LMAO, how can they tell what condition its in? maybe theyre looking for some with low mileage(hasnt nutted much or hasnt nutted at all?)

i bet a lot of ppl would donate that shit, besides they put a fake one in, and really u only need one nut, u never use both at the same time, so.......


----------



## kbrassfi (Aug 1, 2002)

Neil said:


> *$1000 an egg????? oh man I have a walking gold mine at my disposal. *


yeah us guys only get about $50 a shot :balls: in that case I'm sure there is a few on here that have a towel worth a couple thousand dollars


----------



## nisdrivensan (Dec 10, 2002)

haha thats great....... 


but think about this..... WHERE DO I FIND THE RIMS????? not nuts and shit........ hahahah ..... thanks for the info ....... and mine are darling to me .... hahhaah ...... i think il keep them though...... the only way someone is going to find the condition of mine is if they .... heeeeeey now....... oh by the way ..... that has to be a hot chick thansk ..... hahahah 



think rimss?????????????????????/


----------



## nisdrivensan (Dec 10, 2002)

but all im lookin for is a link or soemthin..... please help ..... im goin all out dudes and dudettes......... im goin all out.......... 

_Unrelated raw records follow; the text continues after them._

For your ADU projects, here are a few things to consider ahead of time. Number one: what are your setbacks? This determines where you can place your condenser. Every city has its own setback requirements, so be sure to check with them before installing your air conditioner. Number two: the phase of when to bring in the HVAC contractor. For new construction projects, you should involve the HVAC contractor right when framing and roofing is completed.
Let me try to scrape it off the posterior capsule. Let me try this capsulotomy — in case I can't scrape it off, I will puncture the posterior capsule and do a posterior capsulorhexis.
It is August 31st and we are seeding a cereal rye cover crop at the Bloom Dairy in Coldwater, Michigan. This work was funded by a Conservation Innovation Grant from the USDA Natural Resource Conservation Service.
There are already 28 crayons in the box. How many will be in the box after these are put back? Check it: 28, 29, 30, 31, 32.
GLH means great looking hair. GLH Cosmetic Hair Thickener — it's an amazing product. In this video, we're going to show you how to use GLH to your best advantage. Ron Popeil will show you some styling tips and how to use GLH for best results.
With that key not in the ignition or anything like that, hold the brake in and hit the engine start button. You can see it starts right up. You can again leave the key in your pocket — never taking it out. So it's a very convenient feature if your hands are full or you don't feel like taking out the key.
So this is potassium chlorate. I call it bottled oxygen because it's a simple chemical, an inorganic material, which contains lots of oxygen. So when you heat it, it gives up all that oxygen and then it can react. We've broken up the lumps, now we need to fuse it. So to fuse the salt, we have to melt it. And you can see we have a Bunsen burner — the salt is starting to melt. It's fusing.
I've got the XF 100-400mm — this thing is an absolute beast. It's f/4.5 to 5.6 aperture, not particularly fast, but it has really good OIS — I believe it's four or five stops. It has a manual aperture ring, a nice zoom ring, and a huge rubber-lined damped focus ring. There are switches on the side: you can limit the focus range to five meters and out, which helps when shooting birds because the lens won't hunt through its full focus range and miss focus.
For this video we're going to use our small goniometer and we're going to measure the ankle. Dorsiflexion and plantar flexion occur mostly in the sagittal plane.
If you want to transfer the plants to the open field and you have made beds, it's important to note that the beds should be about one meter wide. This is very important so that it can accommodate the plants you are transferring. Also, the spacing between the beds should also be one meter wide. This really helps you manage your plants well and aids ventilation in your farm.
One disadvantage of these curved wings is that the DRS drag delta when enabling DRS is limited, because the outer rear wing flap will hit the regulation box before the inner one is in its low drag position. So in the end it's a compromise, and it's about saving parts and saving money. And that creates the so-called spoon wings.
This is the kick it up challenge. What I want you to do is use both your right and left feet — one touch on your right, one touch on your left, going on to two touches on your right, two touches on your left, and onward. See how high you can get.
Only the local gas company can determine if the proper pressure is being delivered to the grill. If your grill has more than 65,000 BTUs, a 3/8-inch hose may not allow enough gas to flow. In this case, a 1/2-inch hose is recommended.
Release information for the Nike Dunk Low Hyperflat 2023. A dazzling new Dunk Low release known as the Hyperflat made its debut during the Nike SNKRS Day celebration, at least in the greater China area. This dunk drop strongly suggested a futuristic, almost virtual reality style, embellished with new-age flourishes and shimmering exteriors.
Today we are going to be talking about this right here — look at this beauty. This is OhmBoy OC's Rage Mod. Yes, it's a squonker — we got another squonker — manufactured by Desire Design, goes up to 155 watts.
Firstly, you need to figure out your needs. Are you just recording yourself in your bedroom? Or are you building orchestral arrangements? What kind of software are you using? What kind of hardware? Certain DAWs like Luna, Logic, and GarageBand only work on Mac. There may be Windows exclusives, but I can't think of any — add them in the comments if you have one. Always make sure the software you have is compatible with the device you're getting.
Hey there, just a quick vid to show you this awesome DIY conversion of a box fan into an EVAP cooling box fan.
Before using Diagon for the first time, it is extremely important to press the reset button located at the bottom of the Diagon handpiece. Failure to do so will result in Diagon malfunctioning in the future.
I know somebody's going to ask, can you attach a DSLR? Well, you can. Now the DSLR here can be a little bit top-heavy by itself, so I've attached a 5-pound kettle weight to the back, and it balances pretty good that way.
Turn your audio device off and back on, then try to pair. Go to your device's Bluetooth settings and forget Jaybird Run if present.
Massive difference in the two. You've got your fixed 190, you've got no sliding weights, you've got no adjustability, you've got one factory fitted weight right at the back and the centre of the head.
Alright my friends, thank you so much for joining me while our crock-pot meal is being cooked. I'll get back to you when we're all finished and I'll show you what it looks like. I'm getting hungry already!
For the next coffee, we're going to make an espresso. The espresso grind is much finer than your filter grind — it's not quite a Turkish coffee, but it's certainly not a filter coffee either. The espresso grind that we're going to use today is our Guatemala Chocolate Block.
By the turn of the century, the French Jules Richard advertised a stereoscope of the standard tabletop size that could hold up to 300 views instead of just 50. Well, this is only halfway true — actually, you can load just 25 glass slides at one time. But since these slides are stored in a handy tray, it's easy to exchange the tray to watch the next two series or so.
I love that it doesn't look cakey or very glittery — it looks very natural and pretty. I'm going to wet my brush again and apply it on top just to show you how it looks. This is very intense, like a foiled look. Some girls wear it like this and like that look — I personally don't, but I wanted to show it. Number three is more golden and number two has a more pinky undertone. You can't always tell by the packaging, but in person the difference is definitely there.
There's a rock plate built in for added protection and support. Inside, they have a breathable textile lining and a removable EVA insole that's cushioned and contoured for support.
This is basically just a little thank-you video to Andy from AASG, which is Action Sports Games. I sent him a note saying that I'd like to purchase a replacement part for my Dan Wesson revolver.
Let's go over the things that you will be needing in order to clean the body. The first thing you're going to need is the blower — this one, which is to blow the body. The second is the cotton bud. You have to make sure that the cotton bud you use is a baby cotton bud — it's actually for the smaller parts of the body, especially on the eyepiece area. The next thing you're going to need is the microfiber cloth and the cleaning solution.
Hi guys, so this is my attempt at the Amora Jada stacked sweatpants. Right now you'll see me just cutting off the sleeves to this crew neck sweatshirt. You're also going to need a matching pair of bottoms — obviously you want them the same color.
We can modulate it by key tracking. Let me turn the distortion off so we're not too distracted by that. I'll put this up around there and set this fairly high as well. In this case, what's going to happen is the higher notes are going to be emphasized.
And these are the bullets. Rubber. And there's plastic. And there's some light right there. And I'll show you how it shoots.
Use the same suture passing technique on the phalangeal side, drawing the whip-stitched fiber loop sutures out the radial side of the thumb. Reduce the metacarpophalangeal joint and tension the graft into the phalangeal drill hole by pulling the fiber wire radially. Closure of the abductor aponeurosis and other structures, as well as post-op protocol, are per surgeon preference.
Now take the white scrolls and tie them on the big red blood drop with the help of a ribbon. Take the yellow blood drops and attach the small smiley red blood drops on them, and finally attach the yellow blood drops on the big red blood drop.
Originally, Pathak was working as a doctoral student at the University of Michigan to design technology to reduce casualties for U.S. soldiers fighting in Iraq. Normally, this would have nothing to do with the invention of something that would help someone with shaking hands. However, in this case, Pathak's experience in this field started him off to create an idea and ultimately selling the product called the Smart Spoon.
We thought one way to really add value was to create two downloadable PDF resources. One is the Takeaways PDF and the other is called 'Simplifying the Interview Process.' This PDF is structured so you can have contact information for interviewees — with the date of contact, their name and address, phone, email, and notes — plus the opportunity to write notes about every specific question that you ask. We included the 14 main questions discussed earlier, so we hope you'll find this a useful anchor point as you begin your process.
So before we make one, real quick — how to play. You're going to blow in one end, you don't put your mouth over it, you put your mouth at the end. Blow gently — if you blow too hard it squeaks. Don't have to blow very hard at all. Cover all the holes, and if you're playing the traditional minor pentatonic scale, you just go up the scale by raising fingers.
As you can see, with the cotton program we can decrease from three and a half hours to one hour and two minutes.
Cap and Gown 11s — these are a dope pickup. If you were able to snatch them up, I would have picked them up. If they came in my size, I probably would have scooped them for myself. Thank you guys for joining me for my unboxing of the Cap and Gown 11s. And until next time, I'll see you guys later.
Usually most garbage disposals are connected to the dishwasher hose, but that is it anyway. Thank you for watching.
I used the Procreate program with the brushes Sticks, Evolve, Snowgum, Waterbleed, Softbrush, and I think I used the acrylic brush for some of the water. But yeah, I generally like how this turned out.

i mean ....... its a sentra......... dont ya think its worth it


----------



## samo (Apr 30, 2002)

Try calling Nismo - their parts are now in the US I hear. Also, Discount Tire advertises that they can get you any wheels you want. Perhaps talk to them and see if their advert is true or not.


----------



## nisdrivensan (Dec 10, 2002)

thanks samo ...... i was unaware of that about discount tire........ i really dig them....... im takin my car and doing the nismo stripe down the side.... with the gun gray they have .....and just wanted those rims so bad....... do you guys know of any other awesome boronze rims????


----------



## 1CLNB14 (Apr 30, 2002)

Bronze Volks are nice....any style....


----------



## morepower2 (Apr 19, 2002)

nisdrivensan said:


> *hey all .... im trying to find these nismo rims i keep seeing on all of the fast jdm nissans......
> 
> you know...... the bronze rims they throw on the tree fiddy and the r30's
> 
> ...


They will be for sale in the fall but not in 4x100 bolt pattern of your car.

Mike


----------



## psuLemon (Apr 23, 2003)

hey you can also sell your plasm for 200 if you go for like a month of goin.. its like 8 times or something you have to go..


----------



## zeno (Sep 17, 2002)

Sorry.....more sperm talk....

http://www.theonion.com/onion3925/i_can_beat.html


----------



## nisdrivensan (Dec 10, 2002)

haha nice link dude .. hahaha... plazma from what i have heard hurts like hell though..... id go with pleausre and beat some shots dude... haha


----------



## samo (Apr 30, 2002)

1CLNB14 said:


> *Bronze Volks are nice....any style.... *


I second that. Gram Lights (cheap Volks... if any Volks can be called cheap...) are pretty secksie in bronze too.


----------



## Rama (Mar 8, 2003)

I third that


----------



## mm002 (Aug 1, 2004)

nisdrivensan said:


> hey all .... im trying to find these nismo rims i keep seeing on all of the fast jdm nissans......
> 
> you know...... the bronze rims they throw on the tree fiddy and the r30's
> 
> ...


http://www.nismoparts.com/

go to this place..all they have is nismo stuff and the prices seem alot better...thos rims your lookin for are around $350 a rim but that still better than $750


----------



## Radioaktiv (Feb 12, 2004)

mmmm
gram light pros


----------